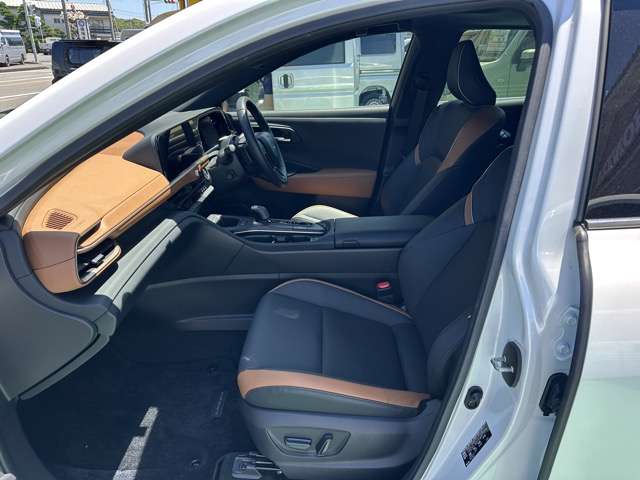 トヨタ クラウン　クロスオーバー　ハイブリッド ２．４ ＲＳ アドバンスト Ｅ－ＦＯＵＲ ＡＤＶＡＮＣＥＤ ４ＷＤ R5年 (東海) 99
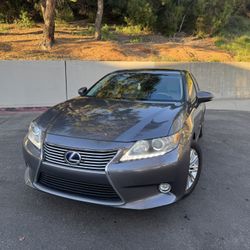 2014 Lexus ES 300h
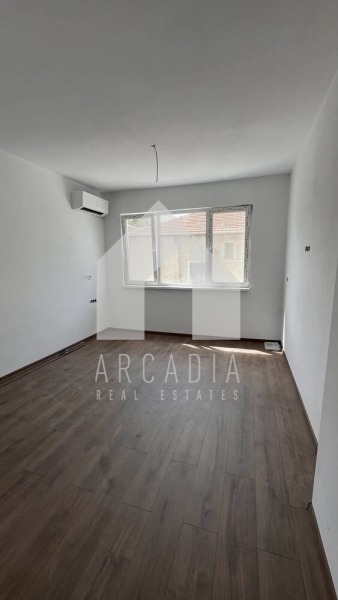 Продава ЕТАЖ ОТ КЪЩА, гр. Пловдив, Христо Смирненски, снимка 4 - Етаж от къща - 55030334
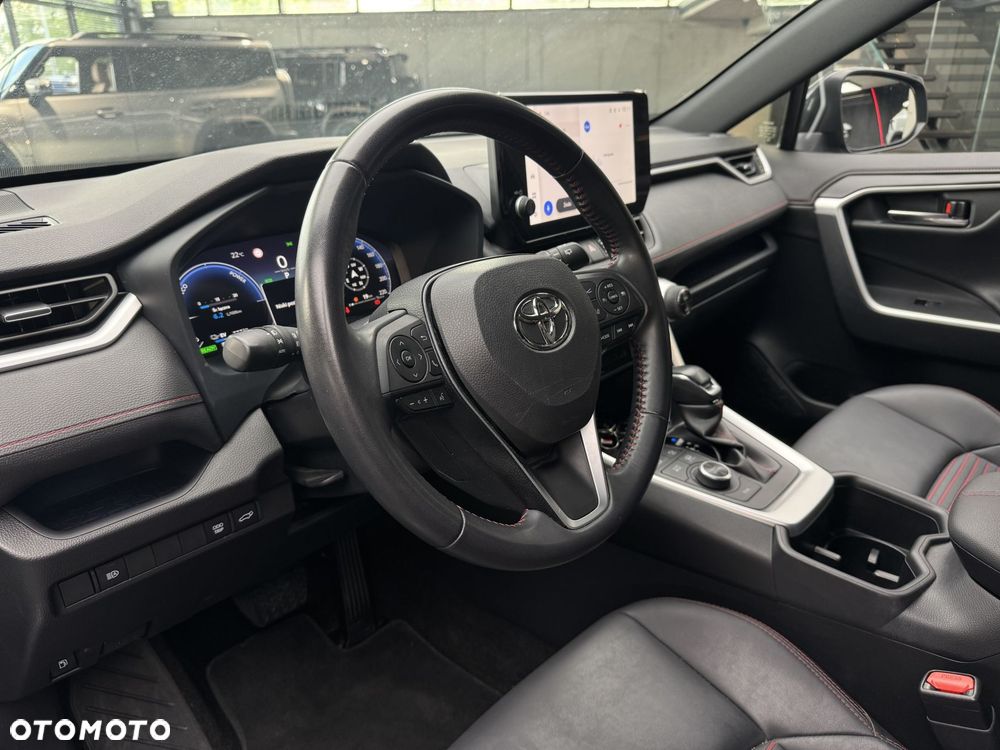 Toyota RAV4 - 10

» **What you have to do**: In your copy, reproduce the data above exactly and skip every picture.

» **Exercise answer**:
 トヨタ クラウン　クロスオーバー　ハイブリッド ２．４ ＲＳ アドバンスト Ｅ－ＦＯＵＲ ＡＤＶＡＮＣＥＤ ４ＷＤ R5年 (東海) 99
 2014 Lexus ES 300h
 Продава ЕТАЖ ОТ КЪЩА, гр. Пловдив, Христо Смирненски, снимка 4 - Етаж от къща - 55030334
 Toyota RAV4 - 10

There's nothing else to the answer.